WHAT IS NEEDED: Your answer should hold only the lines from the one containing "5cm Red Glitter Heart Gift Tags" through the last line below, copied exactly; pictures stay out.

DATA PROVIDED:

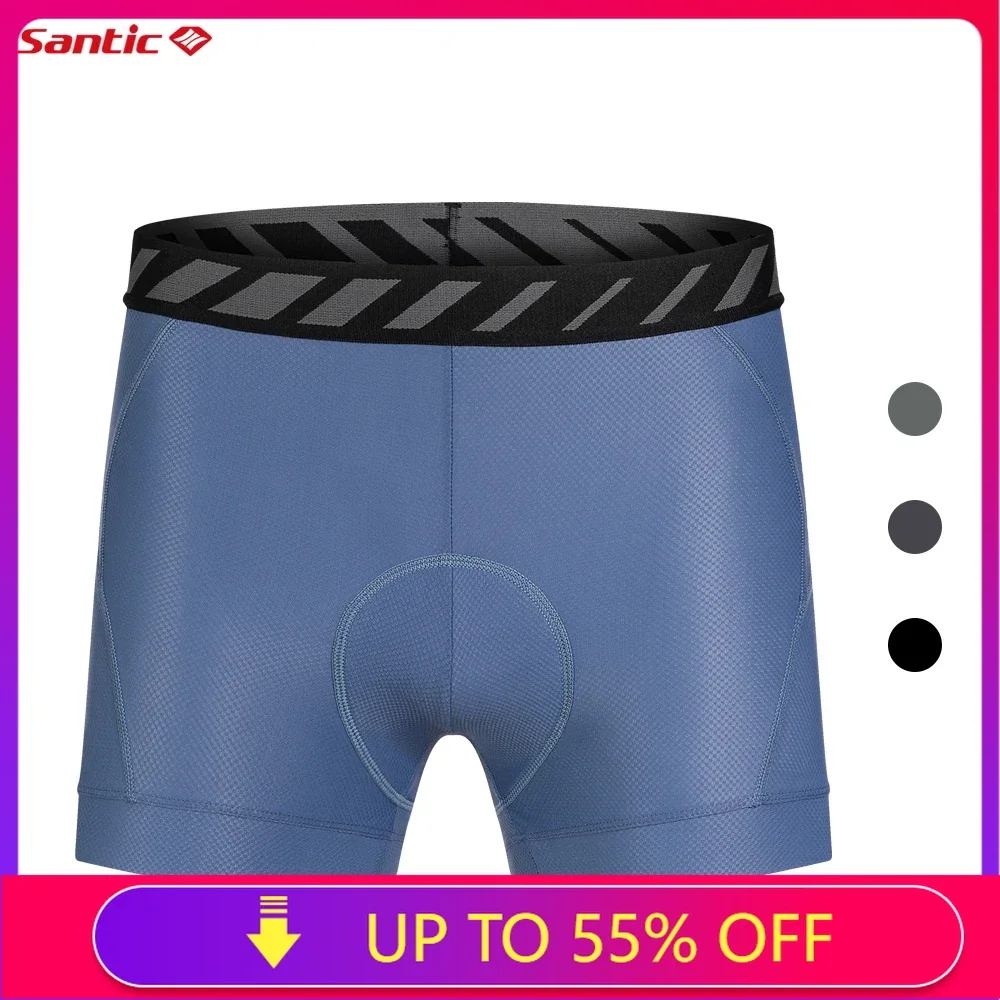 Santic New Men's Cycling Shorts Breathable and Quick Drying Cycling Underwear Shock Absorbing Cushion Cycling Shorts for 4 Hours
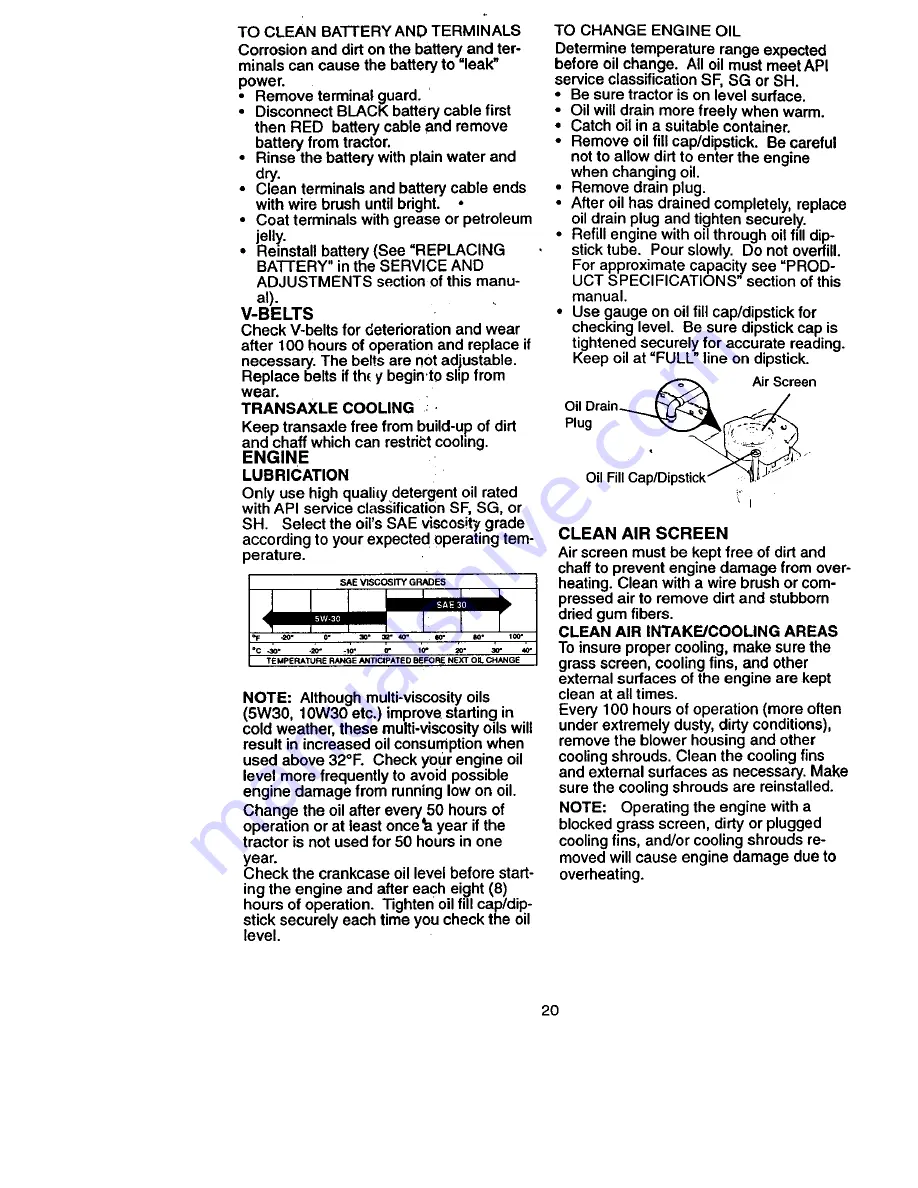 Craftsman EZ 917.272130 Owner'S Manual Download Page 20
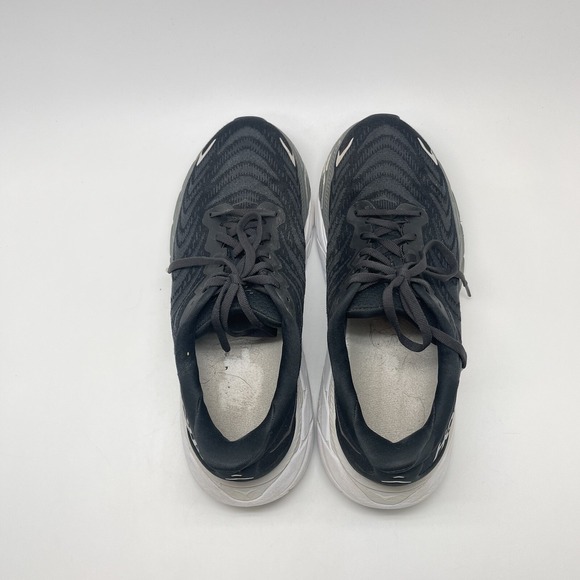 Hoka One One Sneakers Womens 10 B Arahi 6 1123195 BWHT Black Running Gym Shoes - Picture 5 of 12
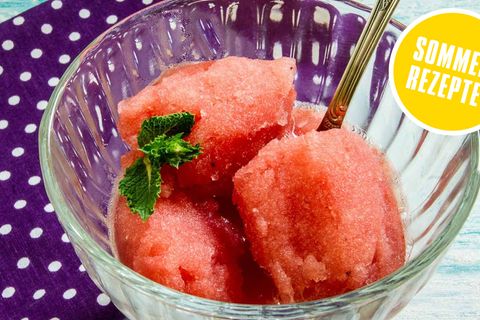 Wassermelonen Sorbet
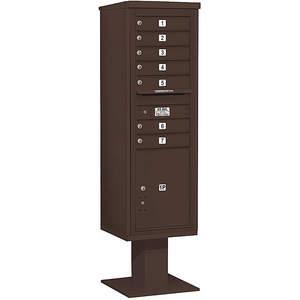 SALSBURY INDUSTRIES 3415S-07BRZ Pedestal Mailbox 8 Doors Bronze 70-1/4 Inch | AG3LUZ 33LX27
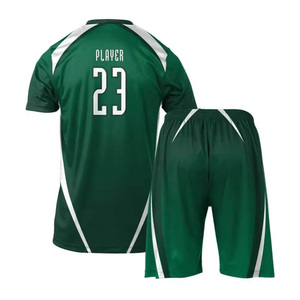 Daizen Star Custom Volleyball Uniform Set Green White Sublimated Jersey Shorts Moisture Wicking Athletic Fit Adult Unisex - Product Image 2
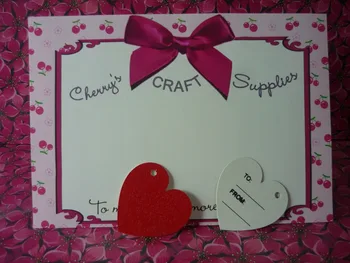 

5cm Red Glitter Heart Gift Tags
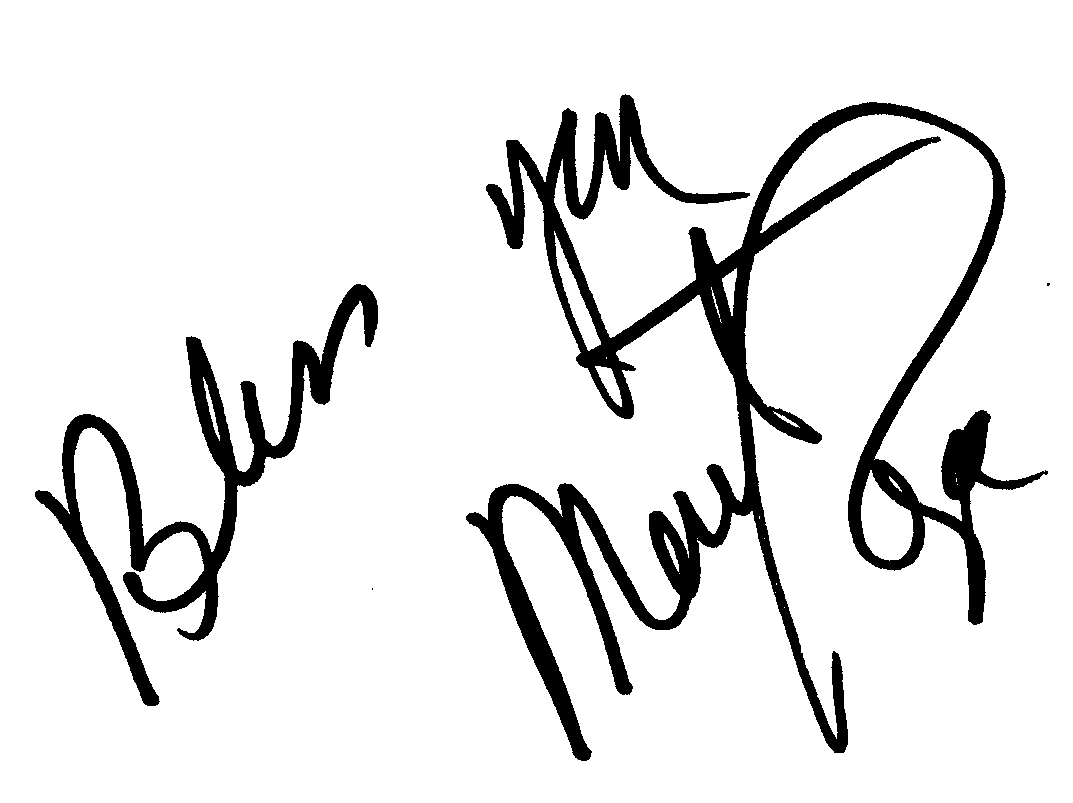 Martha Raye autograph facsimile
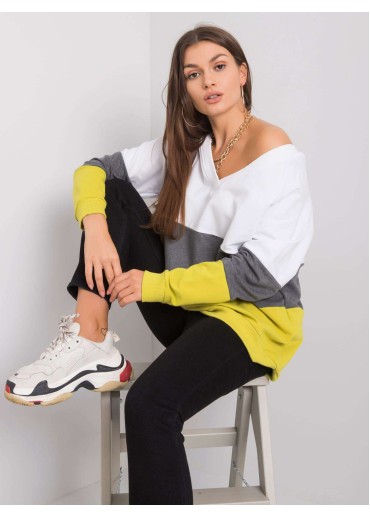 Neónová zelená mikina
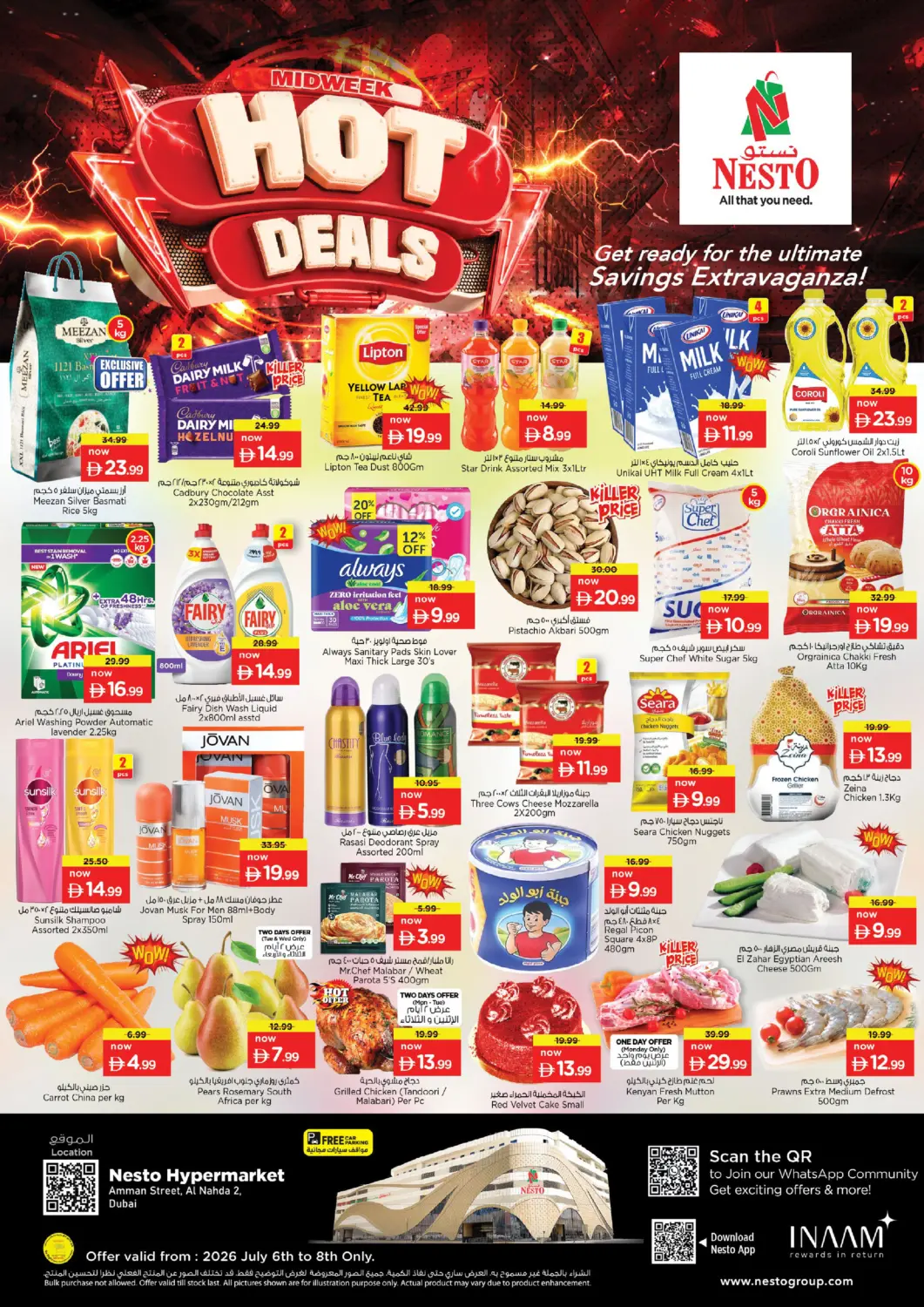 UAE - Dubai Nesto Hypermarket offers in D4D Online. Al Nahda 2-Dubai. . Till 8th July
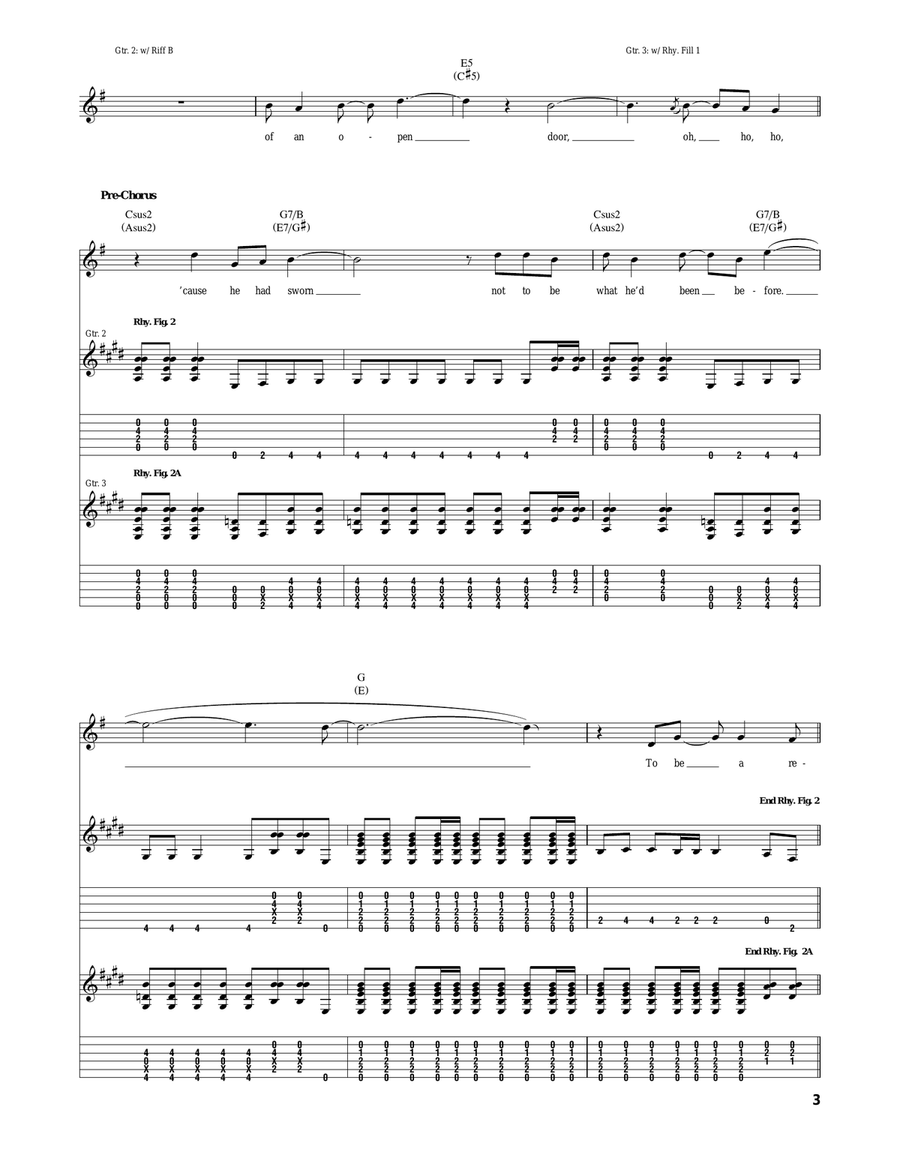 Long Division Long Division Acoustic Guitar scores gallery preview page 3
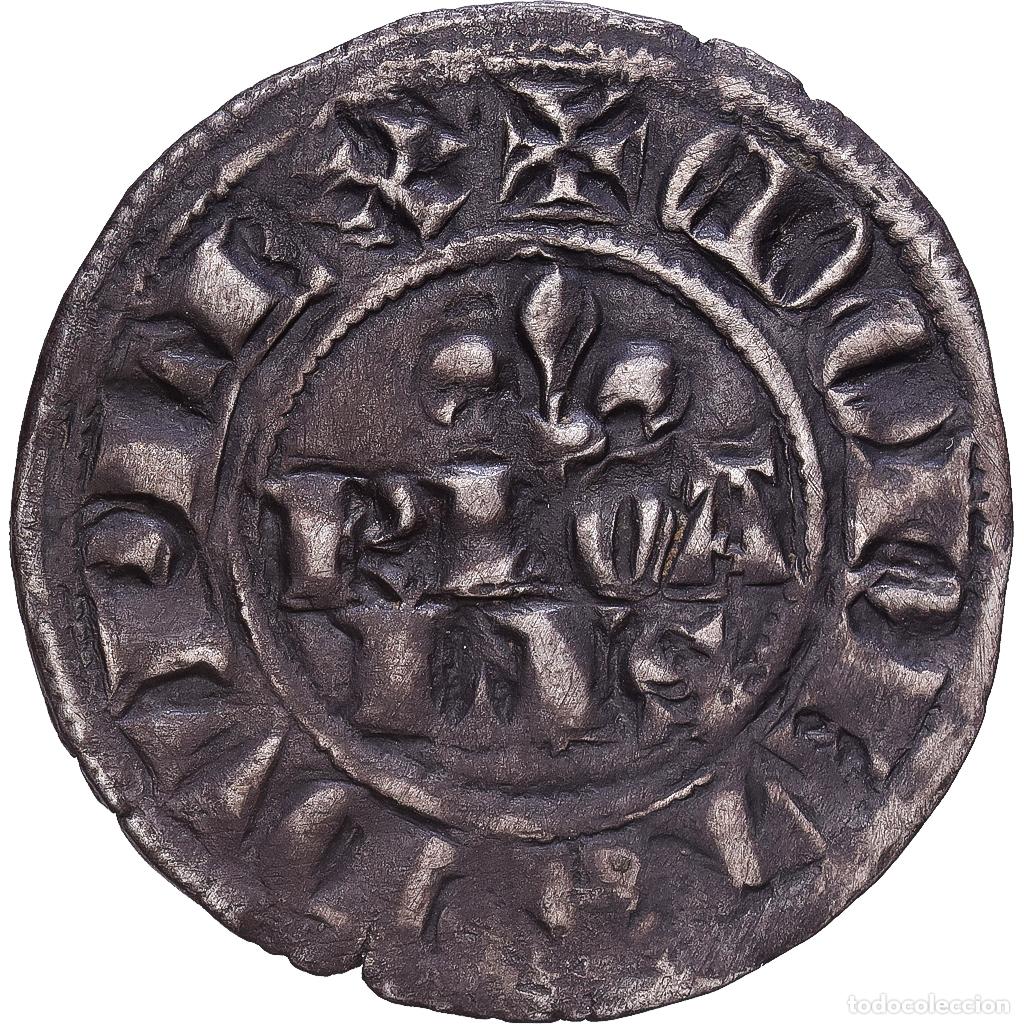 Monedas antiguas de Europa: [#1546675] Francia, Philippe IV le Bel, Double Parisis, 1295-1303, Vell&oacute;n, MBC+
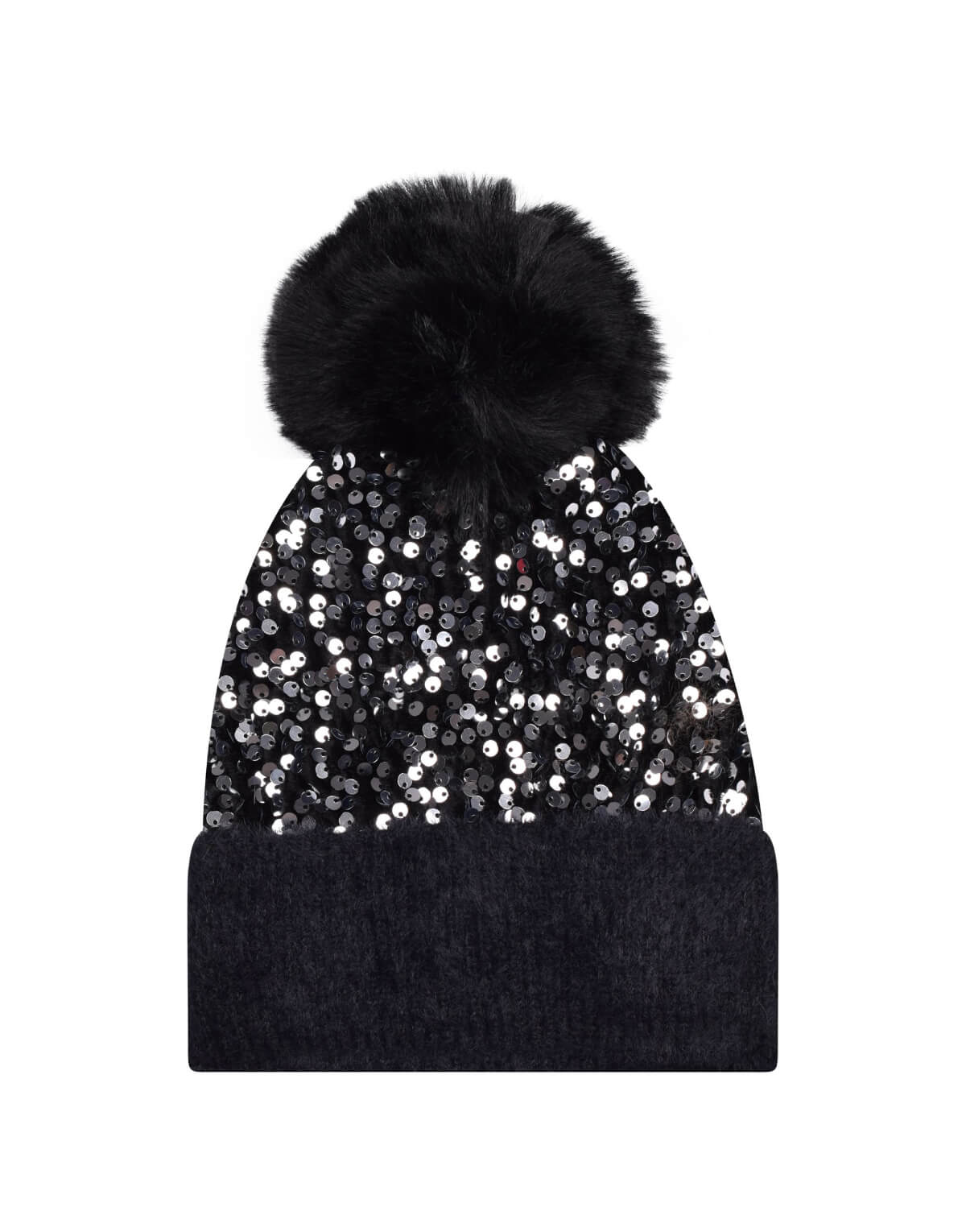 Sequin Pom Beanie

YOUR RESPONSE:
5cm Red Glitter Heart Gift Tags
 Martha Raye autograph facsimile
 Neónová zelená mikina
 UAE - Dubai Nesto Hypermarket offers in D4D Online. Al Nahda 2-Dubai. . Till 8th July
 Long Division Long Division Acoustic Guitar scores gallery preview page 3
 Monedas antiguas de Europa: [#1546675] Francia, Philippe IV le Bel, Double Parisis, 1295-1303, Vell&oacute;n, MBC+
 Sequin Pom Beanie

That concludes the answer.